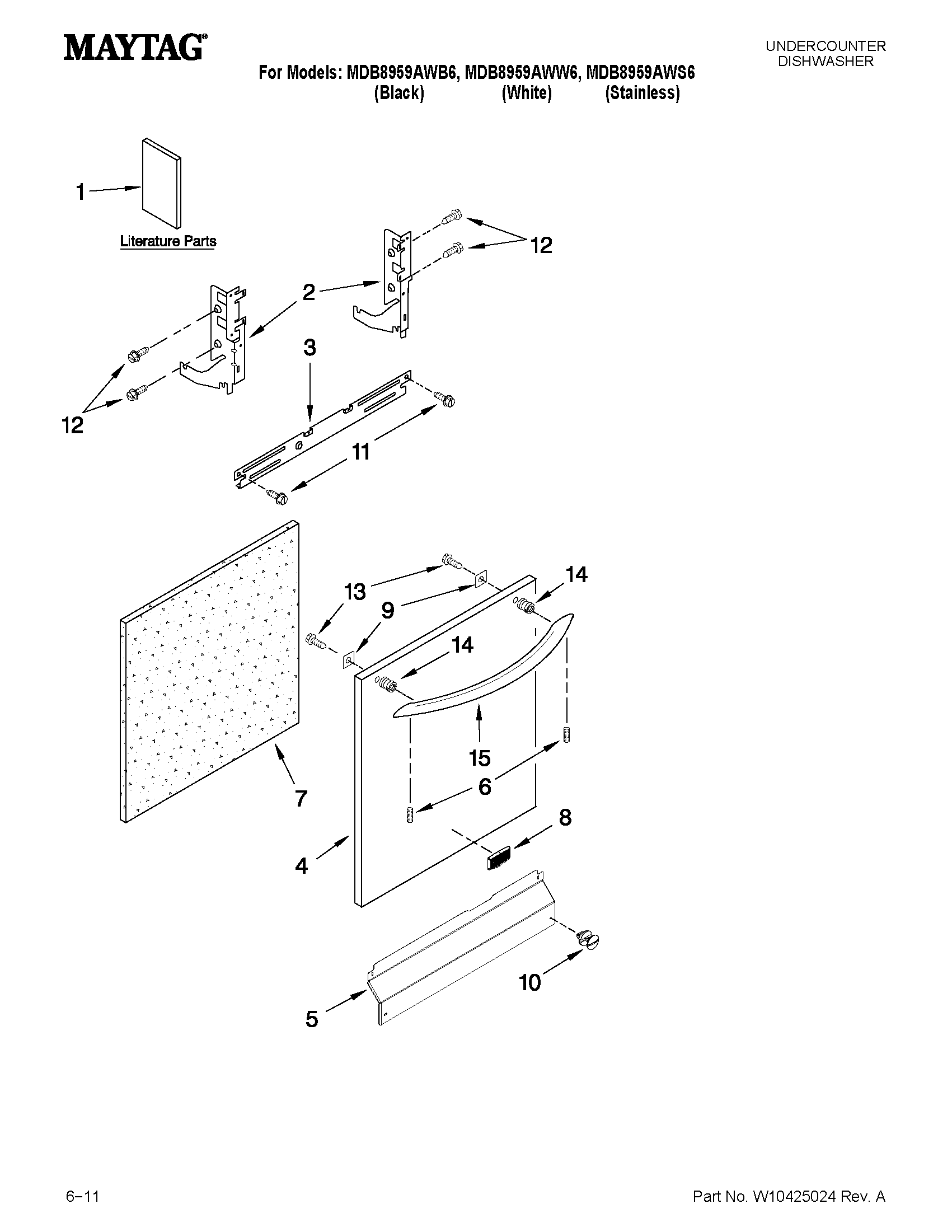 Door and panel parts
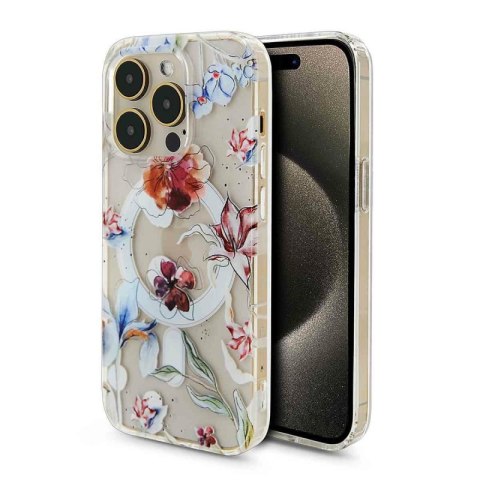 Etui MAGSAFE PRINT do Samsung S24 ULTRA flora Etui MAGSAFE PRINT do Samsung S24 ULTRA flora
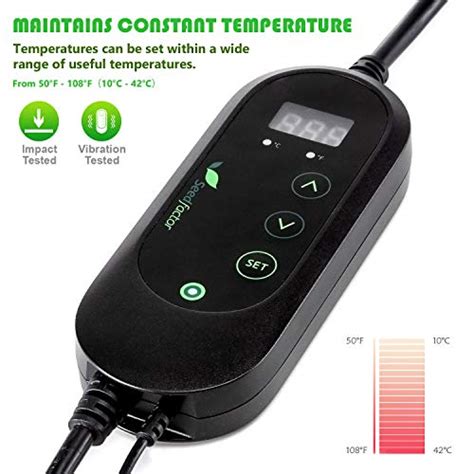 Seedfactor Met Certified Seedling Heat Mat With 50℉~108℉ Digital Thermostat Controller For Seed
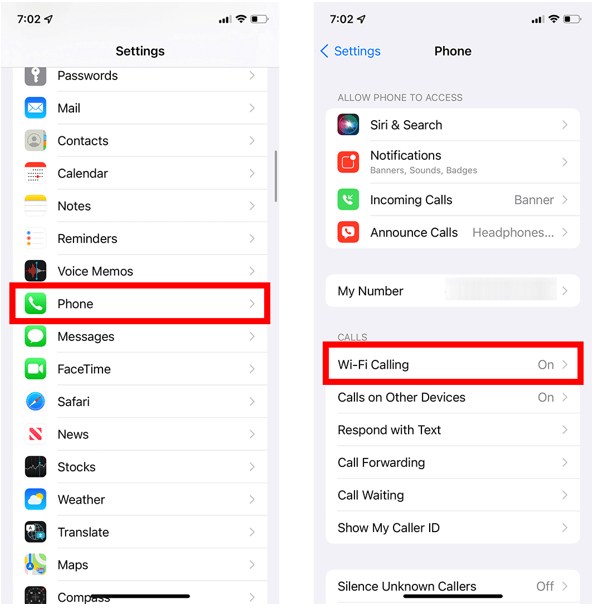 Habilitar wifi llamando a iPhone 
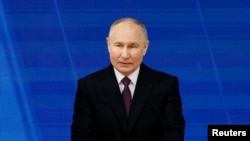 În discursul despre starea națiunii, președintele rus Vladimir Putin a avertizat Occidentul că orice încercare de a trimite trupe în Ucraina va avea „consecințe tragice”. Moscova, 29 februarie 2024.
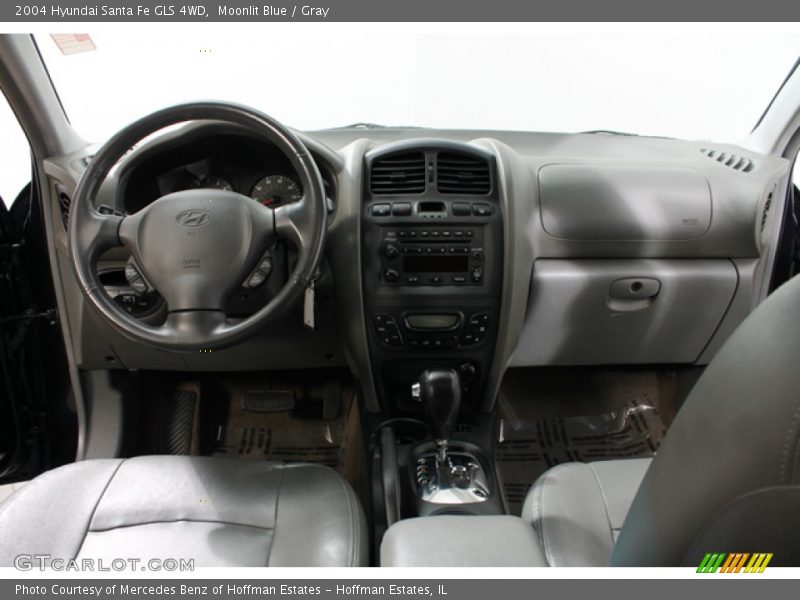 Moonlit Blue / Gray 2004 Hyundai Santa Fe GLS 4WD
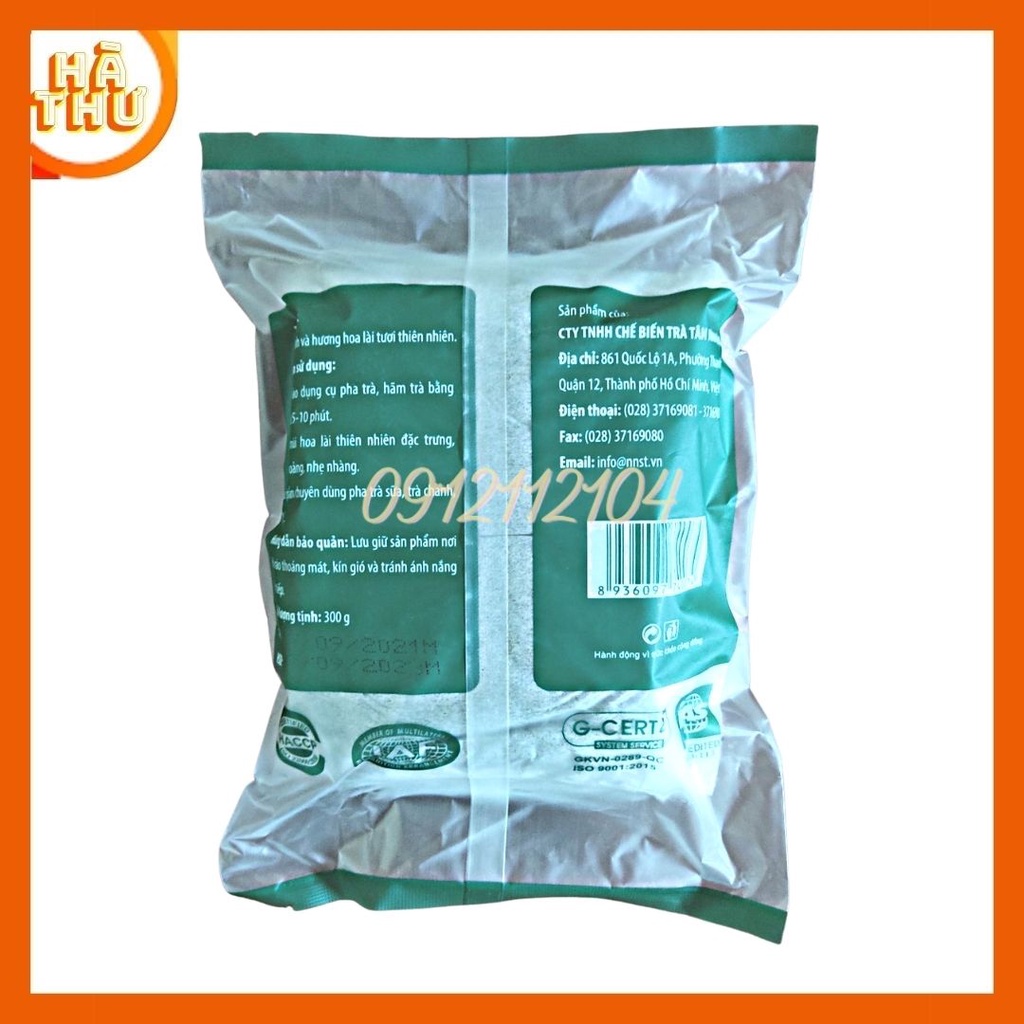 Trà lài tân nam bắc gói 300g, nguyên liệu trà sữa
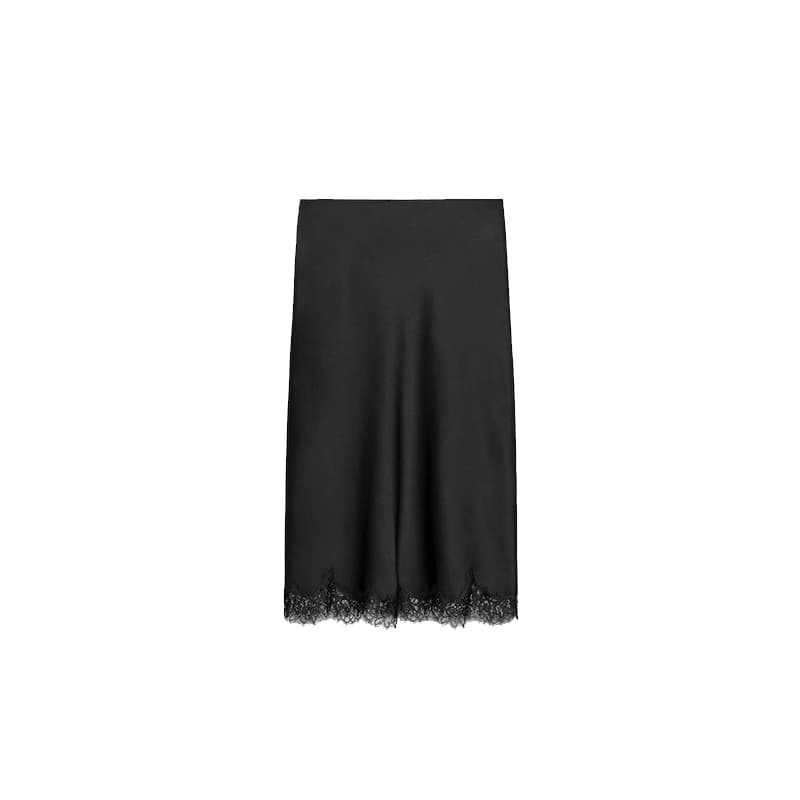Costume deux pièces en dentelle pour femmes, col licou, sans manches, dos nu, haut trapèze, paquet d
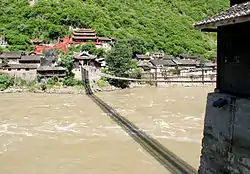 Luding Bridge crossing the Dadu River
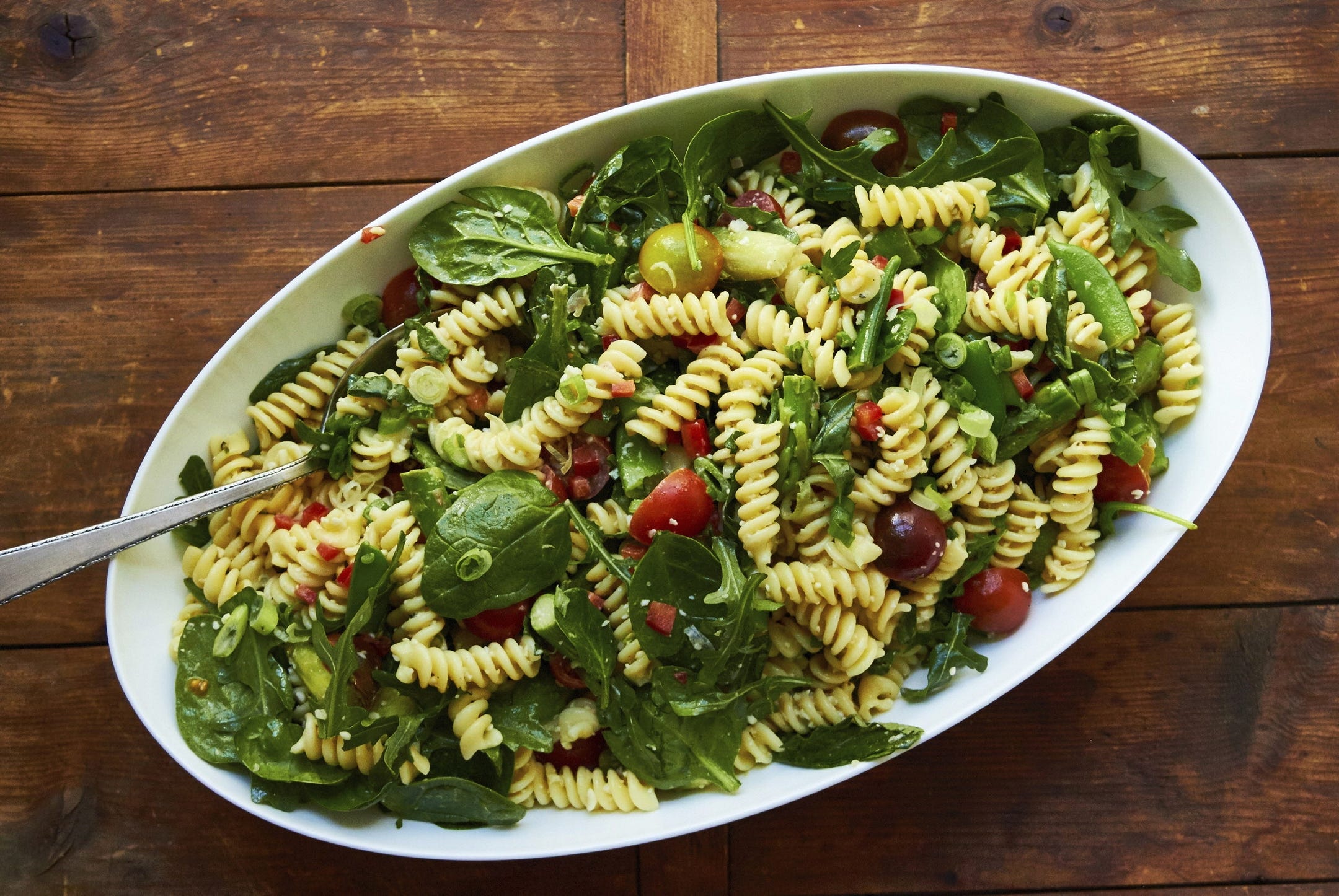 Get your spring on with colorful pasta salad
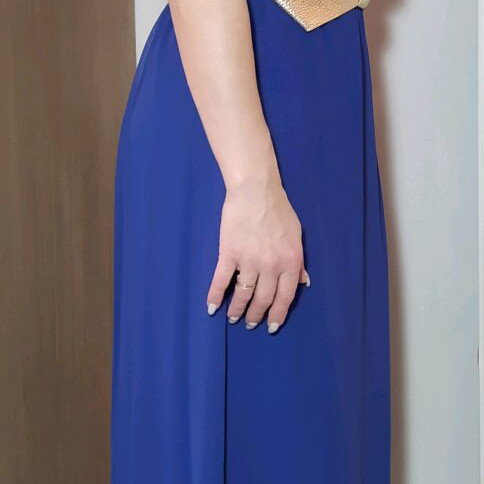 Royal Blue Maxi Dress Zara Small like new -  14,00 - Vendora.cy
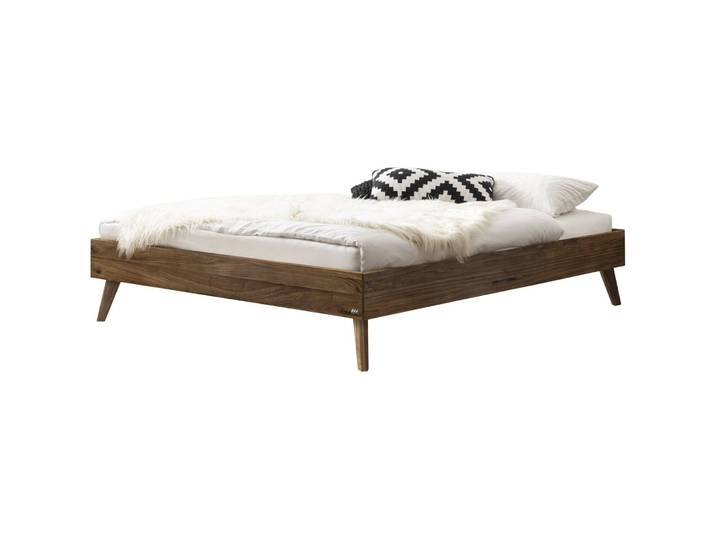 Hasena Bett Sassari Nussbaum Nature Massivholz 120 x 200 cm - Bett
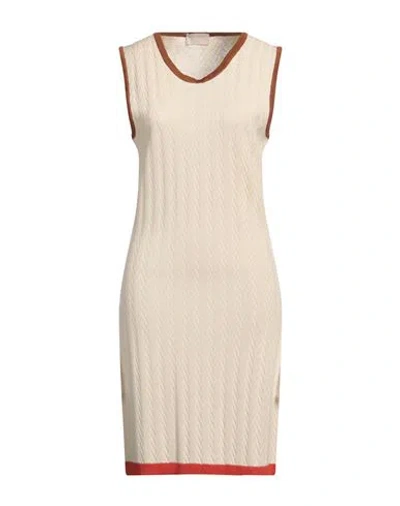 Drumohr Woman Midi Dress Ivory Size M Viscose, Wool, Silk In White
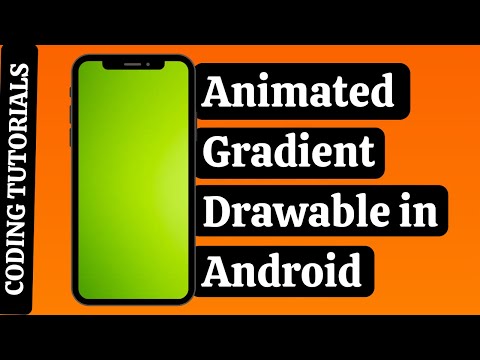 Animated Gradient Background in Android Studio  | Animated Gradient Drawable | #CodingTutorials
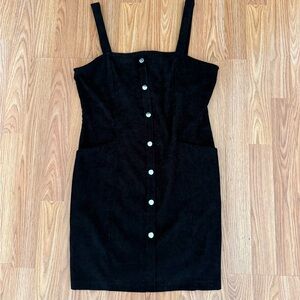 Black Faux Suede Dress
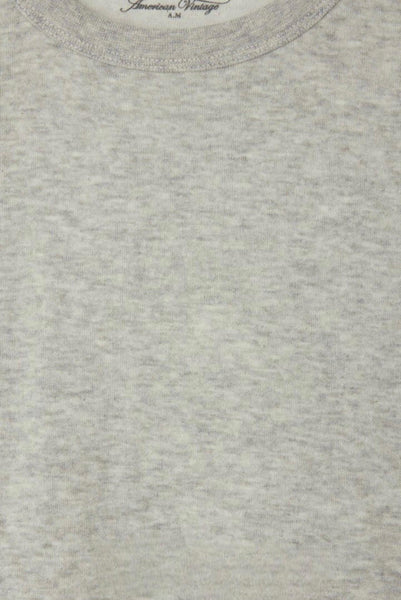 T-shirt grigio chiaro per neonati e bambini American Vintage KRUZ02A GRIS CLAIR 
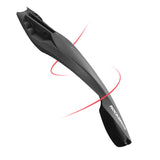 Rockbros DNB8001 mudderskærm med rød LED-lys - sort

HOW TO COMPLETE THIS TASK: Keep the pictures out of your copy, and repeat every entry above exactly.

SOLUTION TO THIS EXERCISE:
 Door and panel parts
 Etui MAGSAFE PRINT do Samsung S24 ULTRA flora Etui MAGSAFE PRINT do Samsung S24 ULTRA flora
 Seedfactor Met Certified Seedling Heat Mat With 50℉~108℉ Digital Thermostat Controller For Seed
 Habilitar wifi llamando a iPhone 
 În discursul despre starea națiunii, președintele rus Vladimir Putin a avertizat Occidentul că orice încercare de a trimite trupe în Ucraina va avea „consecințe tragice”. Moscova, 29 februarie 2024.
 Moonlit Blue / Gray 2004 Hyundai Santa Fe GLS 4WD
 Trà lài tân nam bắc gói 300g, nguyên liệu trà sữa
Costume deux pièces en dentelle pour femmes, col licou, sans manches, dos nu, haut trapèze, paquet d
 Luding Bridge crossing the Dadu River
 Get your spring on with colorful pasta salad
 Royal Blue Maxi Dress Zara Small like new -  14,00 - Vendora.cy
 Hasena Bett Sassari Nussbaum Nature Massivholz 120 x 200 cm - Bett
 Drumohr Woman Midi Dress Ivory Size M Viscose, Wool, Silk In White
 Animated Gradient Background in Android Studio  | Animated Gradient Drawable | #CodingTutorials
 Black Faux Suede Dress
 T-shirt grigio chiaro per neonati e bambini American Vintage KRUZ02A GRIS CLAIR 
 Rockbros DNB8001 mudderskærm med rød LED-lys - sort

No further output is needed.